--- START ---

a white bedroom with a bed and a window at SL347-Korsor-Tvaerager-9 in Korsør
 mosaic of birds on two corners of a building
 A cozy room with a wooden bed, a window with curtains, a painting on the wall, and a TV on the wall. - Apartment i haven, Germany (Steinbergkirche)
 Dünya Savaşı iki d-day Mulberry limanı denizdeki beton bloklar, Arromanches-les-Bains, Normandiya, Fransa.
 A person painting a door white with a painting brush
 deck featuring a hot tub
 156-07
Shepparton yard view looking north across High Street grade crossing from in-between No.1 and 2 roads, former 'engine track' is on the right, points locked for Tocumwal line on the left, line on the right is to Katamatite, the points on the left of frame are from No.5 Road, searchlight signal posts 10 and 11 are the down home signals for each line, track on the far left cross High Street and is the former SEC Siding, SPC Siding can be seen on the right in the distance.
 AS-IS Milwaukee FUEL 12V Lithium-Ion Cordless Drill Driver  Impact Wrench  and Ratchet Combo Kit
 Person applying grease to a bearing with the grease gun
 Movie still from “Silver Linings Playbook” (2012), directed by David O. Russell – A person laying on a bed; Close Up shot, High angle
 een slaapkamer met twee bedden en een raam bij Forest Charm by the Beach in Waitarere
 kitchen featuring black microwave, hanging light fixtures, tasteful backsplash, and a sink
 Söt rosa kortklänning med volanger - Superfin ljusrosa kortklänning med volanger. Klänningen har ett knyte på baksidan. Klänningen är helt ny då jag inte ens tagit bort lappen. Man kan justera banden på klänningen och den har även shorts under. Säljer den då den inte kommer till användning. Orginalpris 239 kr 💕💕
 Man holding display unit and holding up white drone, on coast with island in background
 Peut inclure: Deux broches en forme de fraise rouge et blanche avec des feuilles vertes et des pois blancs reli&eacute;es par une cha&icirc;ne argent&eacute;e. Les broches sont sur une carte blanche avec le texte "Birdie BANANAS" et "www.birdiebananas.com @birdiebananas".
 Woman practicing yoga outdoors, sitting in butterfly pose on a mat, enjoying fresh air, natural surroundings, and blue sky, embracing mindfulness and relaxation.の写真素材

--- END ---

§ **PROBLEM STATEMENT**: Could you copy out all of the records above exactly?

§ **EXERCISE RESPONSE**:
a white bedroom with a bed and a window at SL347-Korsor-Tvaerager-9 in Korsør
 mosaic of birds on two corners of a building
 A cozy room with a wooden bed, a window with curtains, a painting on the wall, and a TV on the wall. - Apartment i haven, Germany (Steinbergkirche)
 Dünya Savaşı iki d-day Mulberry limanı denizdeki beton bloklar, Arromanches-les-Bains, Normandiya, Fransa.
 A person painting a door white with a painting brush
 deck featuring a hot tub
 156-07
Shepparton yard view looking north across High Street grade crossing from in-between No.1 and 2 roads, former 'engine track' is on the right, points locked for Tocumwal line on the left, line on the right is to Katamatite, the points on the left of frame are from No.5 Road, searchlight signal posts 10 and 11 are the down home signals for each line, track on the far left cross High Street and is the former SEC Siding, SPC Siding can be seen on the right in the distance.
 AS-IS Milwaukee FUEL 12V Lithium-Ion Cordless Drill Driver  Impact Wrench  and Ratchet Combo Kit
 Person applying grease to a bearing with the grease gun
 Movie still from “Silver Linings Playbook” (2012), directed by David O. Russell – A person laying on a bed; Close Up shot, High angle
 een slaapkamer met twee bedden en een raam bij Forest Charm by the Beach in Waitarere
 kitchen featuring black microwave, hanging light fixtures, tasteful backsplash, and a sink
 Söt rosa kortklänning med volanger - Superfin ljusrosa kortklänning med volanger. Klänningen har ett knyte på baksidan. Klänningen är helt ny då jag inte ens tagit bort lappen. Man kan justera banden på klänningen och den har även shorts under. Säljer den då den inte kommer till användning. Orginalpris 239 kr 💕💕
 Man holding display unit and holding up white drone, on coast with island in background
 Peut inclure: Deux broches en forme de fraise rouge et blanche avec des feuilles vertes et des pois blancs reli&eacute;es par une cha&icirc;ne argent&eacute;e. Les broches sont sur une carte blanche avec le texte "Birdie BANANAS" et "www.birdiebananas.com @birdiebananas".
 Woman practicing yoga outdoors, sitting in butterfly pose on a mat, enjoying fresh air, natural surroundings, and blue sky, embracing mindfulness and relaxation.の写真素材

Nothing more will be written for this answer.